Because government secrecy is one of a cornucopia of serious issues our presidential candidates are busy not discussing.
Consider the following:
In its "Secrecy Report Card 2008," the advocacy group Open The Government concludes that the Bush Administration has "exercised unprecedented levels not only of restriction of access to information about federal government's policies and decisions, but also of suppression of discussion of those policies and their underpinnings and sources."
Today, the report finds, the Bush Administration "continues to refuse to be held accountable to the public through the oversight responsibilities of Congress."
It concludes, "We have been made less secure as a result and the open society on which we pride ourselves has been undermined and will take hard work to repair."
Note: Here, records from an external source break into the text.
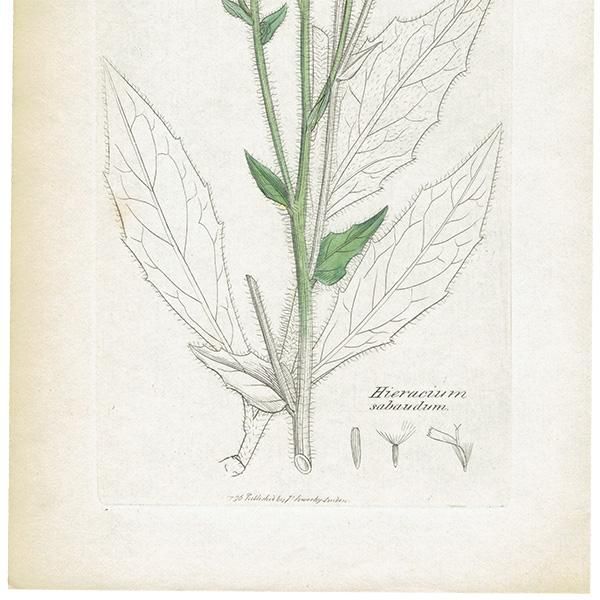 ꥹ ܥ˥륢/ʪ HIERACIUM sabaudum(ʥݥ°). plate.1094,1839ǯ 0521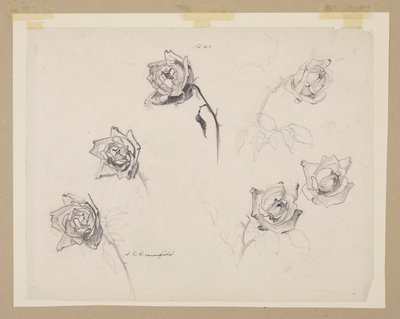 Estudo de rosas de Sophia L. Crownfield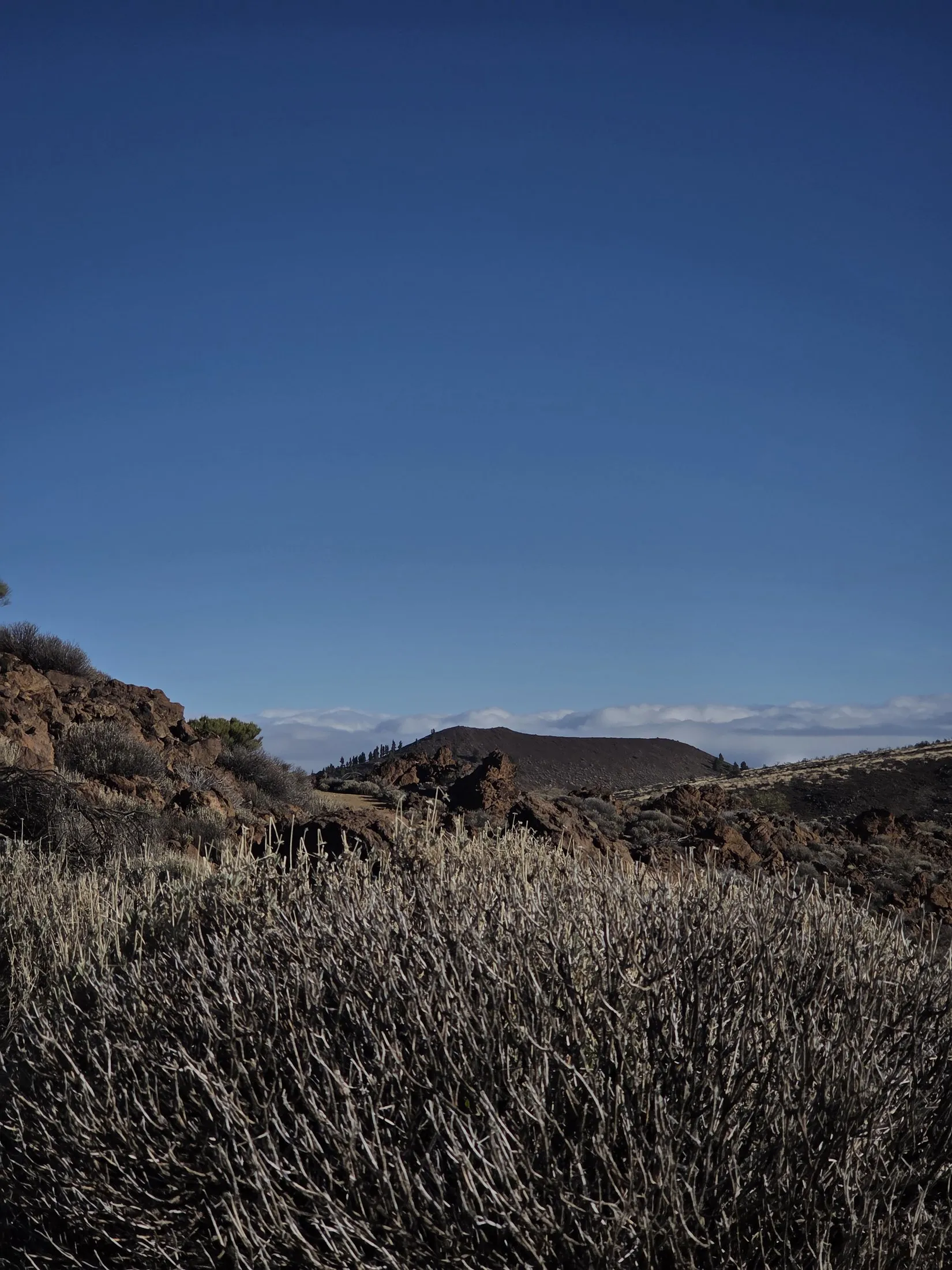 A dry volcanic slope under a hard blue sky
Here are some of the report's principal findings:
Classification activity remains significantly higher than before 2001. In 2006, the number of original classification decisions increased to 233,639, after dropping for the two previous years.
The government spent $195 maintaining the secrets already on the books for every one dollar it spent declassifying documents in 2007, a five per cent increase in one year. At the same time, fewer pages were declassified than in 2006. The nation's 16 intelligence agencies, which account for a large segment of the declassification numbers, are excluded from the total reported figures.
Classified, or "black" programs accounted for about $31.9 billion, or 18 per cent of the fiscal year (FY) 2008 Department of Defense (DOD) acquisition funding requested in 2007. Classified acquisition funding has more than doubled in real terms since FY 1995.
Almost 22 million requests were received under the Freedom of Information Act (FOIA) in 2007, an increase of almost 2% over last year. The 25 departments and agencies that handle the bulk of the third-party information requests, however, received 63,000 fewer requests than 2006 -- but processed only 2,100 more.
In 2007, the total cost of FOIA implementation across the government increased 16%. But a 2008 study revealed that, in 2007, FOIA spending at 25 key agencies fell by $7 million to $233.8 million and the agencies put 209 fewer people to work processing FOIA requests.
In 2007, the federal government closed the lid on 128 patents. Overall, that brings the total number of inventions kept under "secrecy orders" to 5,002.
While the secretive Foreign Intelligence Surveillance Court (FISC) does not reveal much about its activities, the Department of Justice reported that, in 2007, the FISC approved 2,371 orders -- rejecting only three and approving two left over from the previous year. Since 2000, federal surveillance activity under the jurisdiction of FISC has risen for the 9th year in a row -- more than doubling during the Bush Administration.
FISC was established under the Foreign Intelligence Surveillance Act (FISA) in 1978 after revelations of the widespread wiretapping by the administration of Richard M. Nixon to spy on political and activist groups. Recently, efforts to reform the act have been triggered by the Bush Administration's admission that it had conducted secret surveillance programs in the U.S. without warrants from the FISA court.
During FY 2007, suits brought by whistleblowers accounted for $1.45 billion of the $2 billion the United States obtained in settlements and judgments concerning fraud on the United States. However, the Department of Justice (DOJ) faces an ever-growing backlog of over 900 cases.